Ha inoltre sottolineato che, sotto la sua guida, “siamo passati da tre alleati che spendono il 2% del PIL nella difesa a 23. E abbiamo aggiunto quattro nuovi membri: Macedonia del Nord, Montenegro, Finlandia e Svezia”. Concludendo il suo discorso di commiato, Stoltenberg ha menzionato “l’evoluzione del sostegno all’Ucraina: dal supporto marginale del 2014 a un massiccio sostegno odierno”, che Rutte si è impegnato a mantenere. Proprio il neo-segretario ha confermato che “l’Ucraina resta una priorità per l’alleanza.
Rutte prende le redini della Nato in continuità con Stoltenberg: “Dobbiamo superare il 2% del Pil in armi e continuare a supportare l’Ucraina”
Ma anche la difesa e la deterrenza: dobbiamo spendere di più”, sostenendo che “l’invasione dell’Ucraina è stata una sveglia per molti, compreso il mio Paese, ma avremmo dovuto raggiungere il 2% del PIL in spese militari molto prima di questo conflitto”. Se non fosse già abbastanza chiaro, l’ex premier dei Paesi Bassi ha rincarato la dose, spiegando che “sostenere l’Ucraina è la cosa giusta da fare ed è anche un investimento nella nostra sicurezza, perché il costo del supporto all’Ucraina è di gran lunga inferiore al costo che dovremmo affrontare se permettessimo a Putin di farsi strada”.

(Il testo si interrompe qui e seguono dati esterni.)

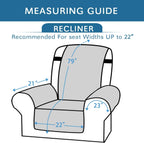 Reversible Quilted Recliner Covers Recliner Chair Cover Water Resistant Furniture Protector Washable Couch Cover with Elastic Straps for Kids, Pets (Recliner, Brown/Beige)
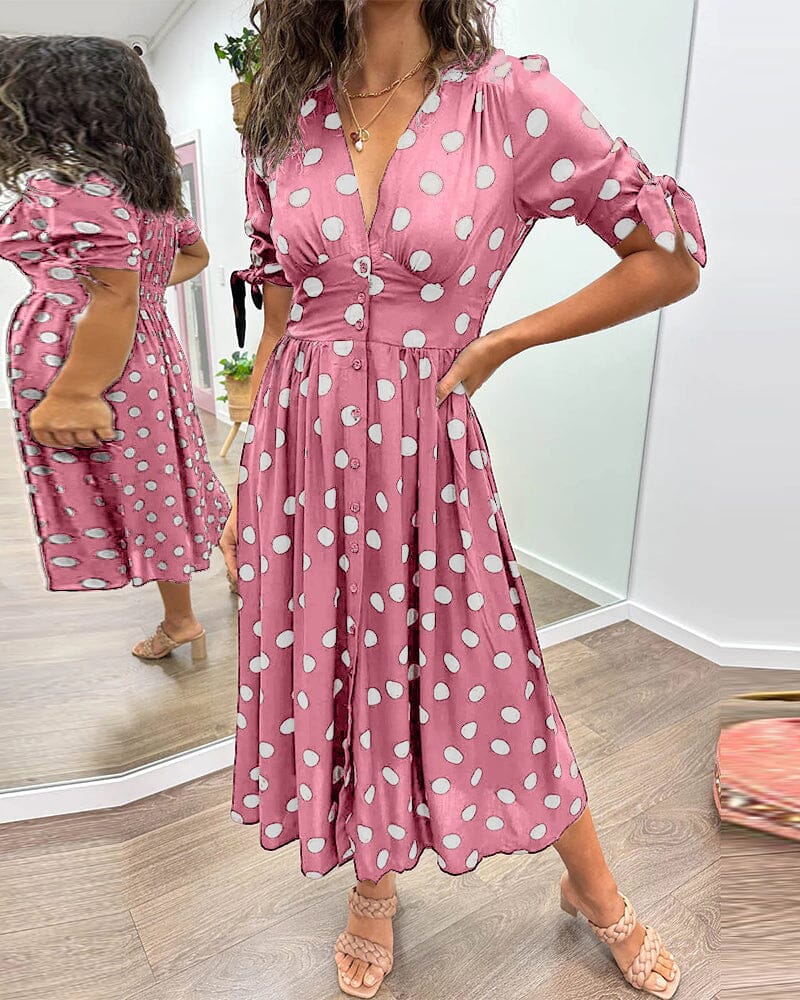 SAINTCLAIR - VESTIDO SWEETHEART CON ESCOTE EN V PROFUNDO Y LUNARES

Un sostegno che, assicura, verrà garantito dagli Stati Uniti anche nel caso in cui Donald Trump venga eletto, poiché Rutte si dice “non preoccupato” dai proclami del tycoon di ritirarsi dal conflitto. Infine, ha concluso affermando che, sotto la sua guida, “continuerà l’avvicinamento dell’Ucraina alla Nato”. Come più volte sottolineato da Stoltenberg, “sostenere il diritto di Kiev all’autodifesa significa permetterle di colpire obiettivi legittimi su territorio russo. Ma spetta ai singoli Stati alleati determinare il livello e il grado di sostegno all’Ucraina”.
La risposta di Putin ai proclami di Rutte
Parole che hanno fatto esultare la presidente della Commissione Ue, Ursula von der Leyen, secondo cui “la leadership di Rutte sarà cruciale per il ruolo dell’Alleanza nella nostra sicurezza euroatlantica” e che “rafforzerà ancora di più la collaborazione tra Ue e Nato”. Soddisfatto anche Volodymyr Zelensky, che si è congratulato con Rutte dichiarando di “non vedere l’ora di lavorare insieme in modo produttivo per rafforzare la sicurezza euro-atlantica e la nostra partnership con l’Alleanza”. Freddo, invece, il commento di Mosca: il portavoce del Cremlino, Dmitry Peskov, ha chiarito che “la nostra aspettativa è che l’Alleanza del Nord Atlantico continui a operare nella stessa direzione in cui ha lavorato fino a oggi”.
In contemporanea al discorso con cui Rutte spronava gli alleati a fare di più per Kiev, Vladimir Putin è tornato a ribadire la volontà di portare a termine l’operazione militare speciale, annunciando un aumento del 30% delle spese militari per il 2025, per un totale di 13.500 miliardi di rubli, pari a 135 miliardi di euro. Dichiarazioni che confermano come la guerra, in cui la Russia continua ad avanzare con la conquista di altri due villaggi nel Donbass e la “distruzione di una colonna di mezzi al confine con la regione di Kursk”, sia ancora ben lontana dalla sua conclusione.